Diğer bir bakışla, 1970’ler, sinematografik anlamda seyirci olmaktan üretici olmaya geçtiğimiz yıllar. Önce, film sadece uyarlanmış karanlık salonlarda görebildiğimiz nesne olmaktan çıkıyor, televizyon yoluyla bireysel hayata, evlere, ofislere, daha da ileri giderek ceplerimize, çantalarımıza giriyor. Sonra da stüdyolarda, son derece pahalı aletlerle üretilebilir bir nesneyken, herkesin kullanabileceği, üretip oynayabileceği, bozup yeniden yapabileceği bir medya halini alıyor. Nasıl kalemi olan herkes yazı yazabiliyor, mektup yoluyla iletişim kurabiliyorsa, kamerası olan herkes artık hareketli imgeler aracılığıyla kendini ifade edebiliyor, ama iyi ama kötü. Ixe bu geçiş döneminin ilk yıllarında gerçekleştirilmiş bir film. O zamanlarda halen inşa halinde olan görsel kültürün ciddi bir eleştirisini yapıyor, yani başka bir deyişle bugün sorgulamadan kullandığımız medyaların icat edildiği döneme resmî tarihin çok dışında bir ışık tutuyor.
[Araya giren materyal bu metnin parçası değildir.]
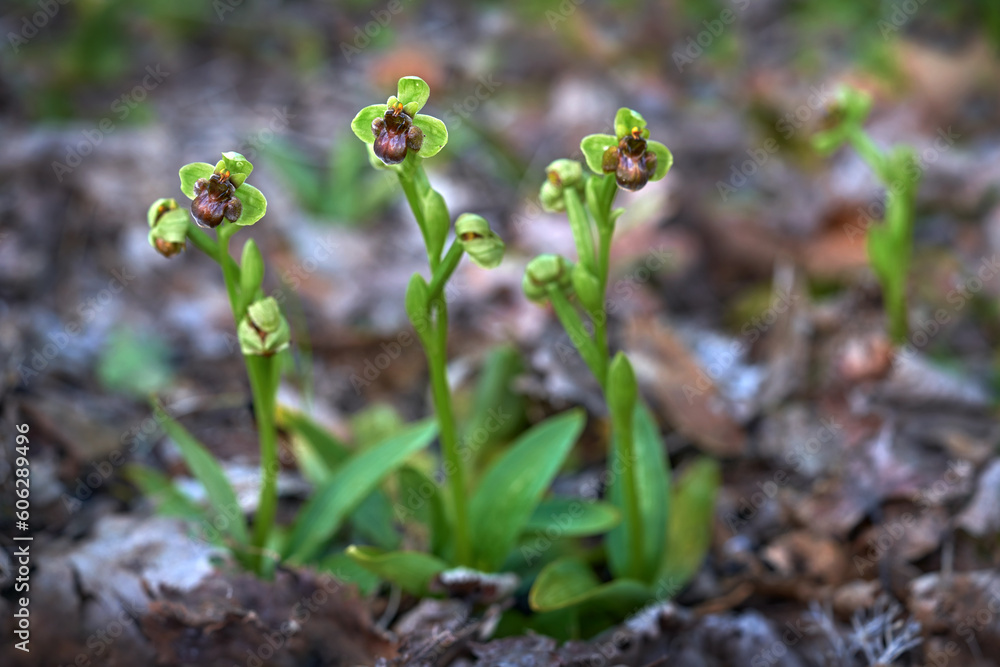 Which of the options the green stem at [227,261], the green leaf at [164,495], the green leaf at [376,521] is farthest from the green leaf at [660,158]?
the green leaf at [164,495]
Güncelliğini kesinlikle koruyan bir film hem içerik hem biçim açısından. Teknolojinin henüz emeklediği zamanlarda yapılmış olmasına rağmen, ultra hareketli katmanlardan oluşan montajı, üst üste bindirme, filme direkt müdahalede bulunma, kazıma, boyama gibi farklı teknikleri bir arada kullanması, durmadan değişen, kendini yineleyen, popülerlikle deneysellik arasında gidip gelen ses bandı Ixe’i hâlâ izlenebilir kılıyor. İmgeler birbirleri ardına, inanılmaz bir hızla üstelik otorite kurmadan akıyor. Ixe’in seyirciye secim bırakan, hislerini manipüle etmeyen bir yapısı var.
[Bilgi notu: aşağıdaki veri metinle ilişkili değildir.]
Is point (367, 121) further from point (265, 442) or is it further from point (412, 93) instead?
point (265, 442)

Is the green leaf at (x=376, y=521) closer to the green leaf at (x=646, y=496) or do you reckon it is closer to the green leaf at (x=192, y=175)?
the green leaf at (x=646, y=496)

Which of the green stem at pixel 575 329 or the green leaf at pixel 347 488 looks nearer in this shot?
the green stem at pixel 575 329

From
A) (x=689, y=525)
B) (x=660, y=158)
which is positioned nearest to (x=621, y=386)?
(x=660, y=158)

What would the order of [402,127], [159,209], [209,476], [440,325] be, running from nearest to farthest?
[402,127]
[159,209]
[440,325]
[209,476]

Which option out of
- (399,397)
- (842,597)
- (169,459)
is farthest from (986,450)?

Bunların ötesinde, bir de tabi toplumsal boyutu var. Yakınımıza bakalım. Hâlâ onur yürüyüşleri yasaklı, o ya da bu sebeple. Hâlâ translar öldürülüyor, failleri meçhul, ya da izbe gettolarda kapalılar. Hâlâ bedenlerimiz garip bir sosyo-ekonomik sistemde kiralıklar. Meta anlatılarla sınırlı, söylemlerin hükmünde taklit bedenler, seri üretim fabrika malı zevkler, kontrollü hareketler. Hâlâ ikiyüzlü beklentiler, gecelerin fatihleri gündüzlerin ahlâkçıları ve diğerleri, suskunluklarıyla onaylayan seyirciler. Hâlâ ahlâkı bedenlerinde sanan güruhlar. Ixe gibi filmlere, Lionel Soukaz gibi yönetmenlere, sanatçılara, yürekten haykırışlara, alışıldık düzenden çıkmaya, çıkmak için cesarete, bazen provokasyona, kesinlikle bol kahkahaya ihtiyacımız var.
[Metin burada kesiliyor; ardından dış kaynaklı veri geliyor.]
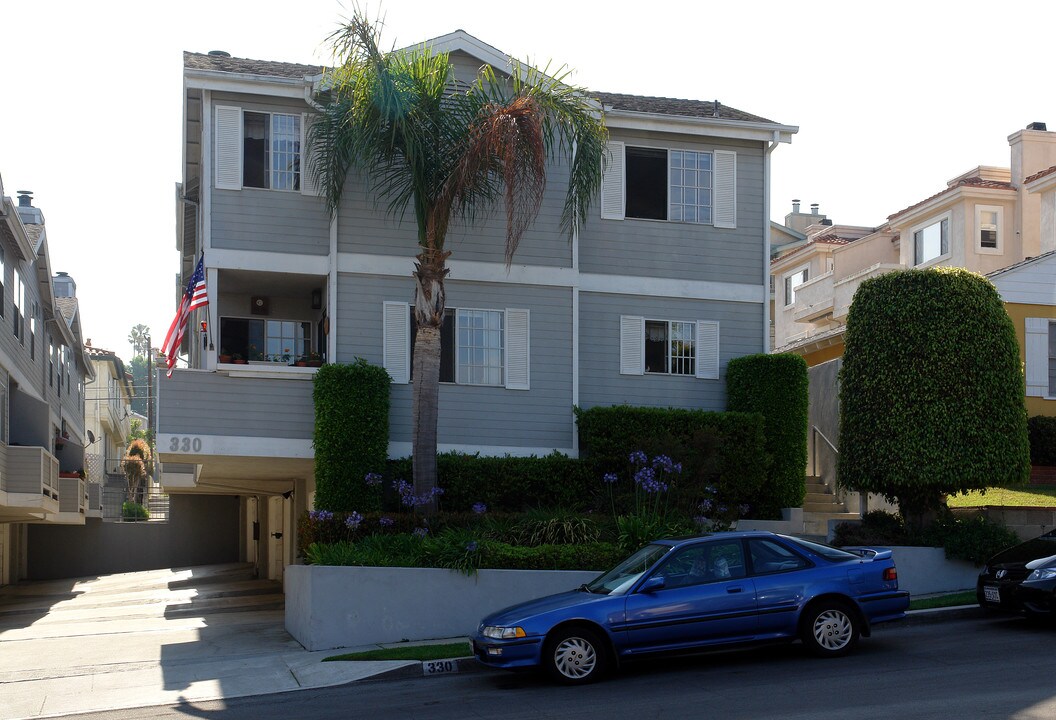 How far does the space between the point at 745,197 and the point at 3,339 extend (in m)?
15.3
ÇE: Seninle diyaloglarımızda hep 70’lerin öneminden bahsediyoruz. Günümüzde hâlâ varlığını daha güçlü bir şekilde koruyan hatta gelişip daha güçlenen yapıların, o dönemde atıldı - ğını görüyoruz. O dönemin 70’ler Fransası’nı düşünürsek Lionel, sanatsal dilini hangi bağlam üzerine oturtuyor? Ya da sanatçı, bir bağlam derdi gütmeden üretimlerini o an da deneyimlediği kişisel ve tanık olduğu toplumsal sorunsalları mı yansıtıyor?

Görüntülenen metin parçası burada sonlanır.